Dadurch komme es neben den öffentlichen Auftritten immer auch zu sehr guten persönlichen und seelsorgerischen Gesprächen, erzählt Propst Kurt Riecke.

"Die Urlaubszeit ist für viele Menschen eine Zeit, sich mit sich selbst zu beschäftigen", sagt er. Passagiere kämen mit sehr unterschiedlichen Themen in ihrem Leben zu ihm, es komme zu Gesprächen über die Familie, die Kirche, Glaubensfragen oder Schuldsituationen. Außerdem geht es immer wieder einmal um den Tod. "Das ist sonst eher selten Thema auf einem Kreuzfahrtschiff, wo es um Lebensfreude und gute Stimmung geht", so Riecke. Dass es immer wieder angesprochen wird, zeige jedoch, dass viele Menschen dann, wenn sie zur Ruhe kommen, sich mit diesen existenziellen Fragen auseinandersetzen.

Dabei ist er als Bordseelsorger nicht nur für die Passagiere da, sondern auch für die Besatzung. Insbesondere die Asiaten legten allerdings Wert auf ihre katholische Identität. "Die gehen eher zum katholischen Kollegen", sagt er. Ansonsten komme er gerne mit den Mitarbeitern aus vielen unterschiedlichen Ländern ins Gespräch, da spielen viele Themen eine Rolle.

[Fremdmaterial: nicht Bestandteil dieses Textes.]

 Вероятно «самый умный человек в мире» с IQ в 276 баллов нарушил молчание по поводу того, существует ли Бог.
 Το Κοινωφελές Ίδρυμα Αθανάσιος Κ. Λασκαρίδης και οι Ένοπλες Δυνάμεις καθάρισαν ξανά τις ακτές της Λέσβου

Propst Riecke arbeitet an Bord häufig mit den Künstlern zusammen

Als Pastor arbeitet er auch viel mit den Künstlern an Bord zusammen. Ob mit dem Sylter Kabarettisten Manfred Degen, mit Tänzern oder Musikern, es ließen sich viele spannende Programmpunkte auf die Beine stellen, erinnert sich Riecke. Eine Predigt zum Tanz der Liebe, dem Rumba fiele ihm ein, bei dem das Profi-Tanzpaar an Bord den Tanz vorführte und ihm an Ende dafür dankte, dass sie selbst einiges dazugelernt hätten. "Das ist es, was mir besonders Spaß macht. Den Glauben so zu vermitteln, dass er die Menschen in ihren Lebenssituationen anspricht."

Wie sehr er dabei die Menschen auf Kreuzfahrt berührt, davon zeugen auch einige Taufen und Hochzeiten. Einige Menschen, die er an Bord kennengelernt hatte, sprachen ihn an, und so reiste er nach der Kreuzfahrt in deren Heimat. "Ich bin schon einige Male kreuz und quer durch Deutschland gefahren und habe getauft und getraut", sagt er. Und so dürfte auch die aktuelle Kreuzfahrt im Mittelmeer nicht Anfang August enden, sondern nachwirken. Im Leben von Kurt Riecke und in dem von einigen der Passagiere, die er als Seelsorger begleitet.